Keen wrote: ↑Thu Nov 13, 2025 8:48 pm
The standard applied in U.S civil courts is the very low preponderance of evidence standard.
Callafangers,
Of the 33 alleged Belzec graves / cremation pits in question - the one that you can
conclusively prove currently contains the most human remains is number: _?_.
Of the 21 alleged Chelmno graves / cremation pits in question - the one that you can
conclusively prove currently contains the most human remains is number: _?_.
Of the 22 alleged Sobibor graves / cremation pits in question - the one that you can
conclusively prove currently contains the most human remains is number: _?_.
Of the 15 alleged Treblinka II graves / cremation pits in question - the one that you can
conclusively prove currently contains the most human remains is number: _?_.
Of the 91 alleged graves / cremation pits of Belzec, Chelmno, Sobibor and Treblinka II in question - the one that you can
conclusively prove currently contains the most human remains is number: _?_.

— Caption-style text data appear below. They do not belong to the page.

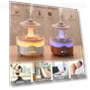 Thumbnail Raindrop Humidifiers for Bedroom — Air Moisturizers, fuliying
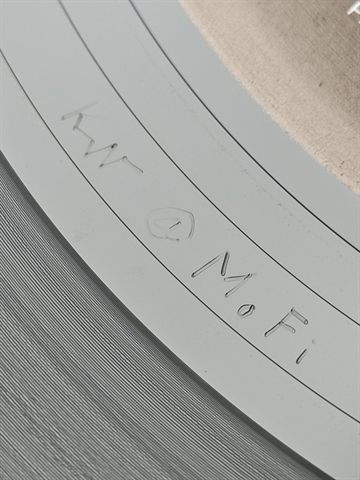 Side 2 Matrix Runout B3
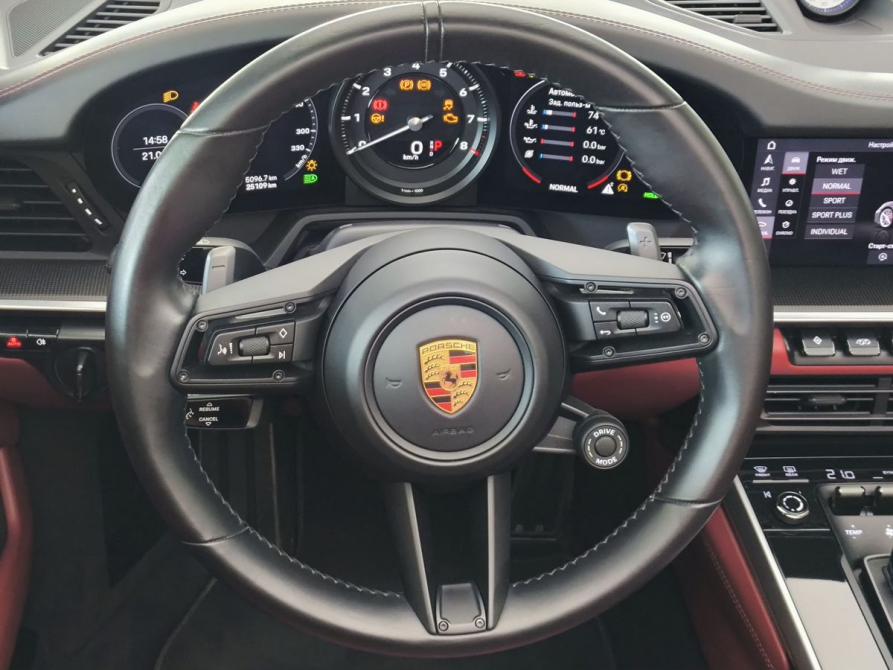 Porsche 911 VIII (992) Москва  - изображение 22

What are you waiting for Callafangers?
Keen, this above is the exact kind of unproductive shenanigans that you've been called out on. It was just explained to you that, while your questions are valuable, they don't require you to defend any specific point or conclusion. Your questions are strong, therefore, but your argument is weak, since you are not actually arguing anything but simply spamming your questions.
I repeat: they are good questions. But notice that all of your questions are qualitative in nature -- they all use the word "
conclusively", which is a standard that
has no universal definition, thus it becomes a matter of opinion; not fact, not measurable, not verifiable... so, it cannot ever explain what did or did not happen.
Regarding the "standard applied in US civil courts", aka "preponderance of evidence", it is defined as:
preponderance /prĭ-pŏn′dər-əns/
noun
1. Superiority in weight, force, importance, or influence.
In other words, it just has to be
more likely than not that the evidence shows a certain number of corpses at a given location. But who is the arbiter of how and whether this standard is met? You and I are not US courts, we are not at trial, and
so it is really just conflicting opinions about whether the studies by the likes of Kola, Lukaszkiewicz, etc. are actually truthful, accurate, and/or meaningful to any degree.